Find the mass $M$ and the center of mass $(\bar{x},\bar{y})$ of a lamina in the shape of a region $R$ in the $xy$-plane that lies outside the circle $x^{2}+y^{2}=a^{2}$ and inside the circle $x^{2}+y^{2}=2ax.$ The mass density $\rho$ is inversely proportional to the distance from the origin.

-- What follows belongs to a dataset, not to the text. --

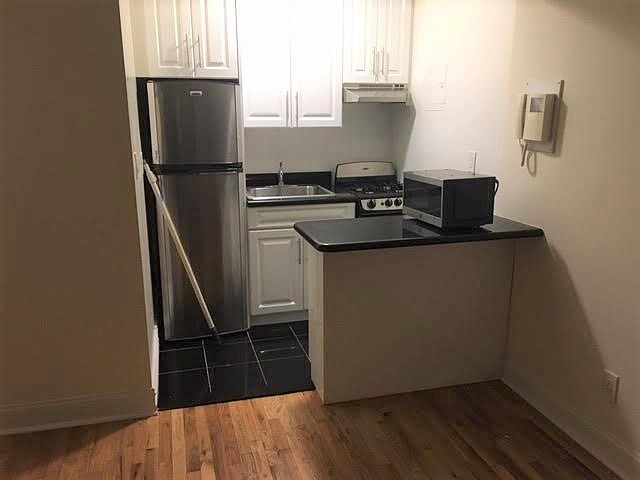 2nd image of 1661 York Ave APT 5L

Figure 34 $a\leq r\leq 2a\cos\theta$, $-\dfrac{\pi}{3}\leq \theta\leq \dfrac{\pi}{3}$

Solution Figure 34 illustrates the region $R$. Since $R$ involves two circles, we use polar coordinates. Then the two circles are given by $r=a$ and by $r=2a\cos \theta$. The circles intersect when $a=2a\cos \theta$ or $\cos \theta =\dfrac{1}{2},$ and the points of intersection are $\left( a,\dfrac{\pi }{3}\right)$ and $\left( a,-\dfrac{\pi }{3}\right) .$ The region $R$ is given by $a\leq r\leq 2a\cos \theta ,$ $-\dfrac{\pi }{3}\leq \theta \leq \dfrac{\pi }{3}.$

Since the distance of a point $(x,y)$ from the origin is $\sqrt{x^{2}+y^{2}}$ , the mass density of the lamina at any point $(x,y)$ in $R$ is $$\rho (x,y)=\dfrac{k}{\sqrt{x^{2}+y^{2}}}=\dfrac{k}{r} \qquad {\color{#0066A7}{\hbox{\(r^{2} =x^{2} + y^{2}\)}}}$$

where $k$ is the constant of proportionality. Since $R$ does not contain the origin, the mass density $\rho =\rho (x,y)$ is continuous on $R.$ The mass $M$ of the lamina is $$\begin{eqnarray*} M &=&\displaystyle\iint\limits_{\kern-3ptR}\rho (x,y)\,{\it dA}=k\displaystyle\iint\limits_{\kern-3ptR}\dfrac{rdr\,d\theta }{r} =k\int_{-\pi /3}^{\pi /3}\int_{a}^{2a\cos \theta }\,dr\,d\theta \\[4pt] &=&k \int_{-\pi /3}^{\pi /3}(2a\cos \theta -a)\,d\theta =k\big[2a\sin \theta -a\theta \big] _{-\pi /3}^{\pi /3}= k\!\left( 2a\sqrt{3}-a\dfrac{2\pi }{3}\right)\\[4pt] &=&\dfrac{2ka}{3}(3\sqrt{3}-\pi ) \end{eqnarray*}$$

Both the mass density function and the region $R$ are symmetric about the $x$-axis. So, the center of mass lies on the $x$-axis; that is, $\bar{y}=0$. To find $\bar{x}$, we first find $M_{y}$. $$\begin{eqnarray*} M_{y}& =&\displaystyle\iint\limits_{\kern-3ptR}x\rho (x,y)\,{\it dA}=\displaystyle\iint\limits_{\kern-3ptR}( r\cos \theta ) \left( \dfrac{k}{r}\right) r\,dr\,d\theta =k\int_{-\pi /3}^{\pi /3}\int_{a}^{2a\cos \theta }r\cos \theta \,dr\,d\theta\\[4pt] &=&\dfrac{k}{2}\int_{-\pi /3}^{\pi /3}(4a^{2}\cos ^{2}\theta -a^{2})\cos \theta \,d\theta = a^{2}\dfrac{k}{2}\int_{-\pi /3}^{\pi /3}(3-4\sin ^{2}\theta )\cos \theta \,d\theta\\[4pt] &=&\dfrac{a^{2}k}{2}\left[ 3\sin \theta -\dfrac{4\sin ^{3}\theta }{3} \right] _{-\pi /3}^{\pi /3}=ka^{2}\sqrt{3} \end{eqnarray*}$$

Then $$\bar{x}=\dfrac{M_{y}}{M}=\dfrac{ka^{2}\sqrt{3}}{\dfrac{2ka}{3}(3\sqrt{3}-\pi )} =\dfrac{3a\sqrt{3}}{2(3\sqrt{3}-\pi )}\approx 1.265a$$

The center of mass is approximately $(1.265a,0)$.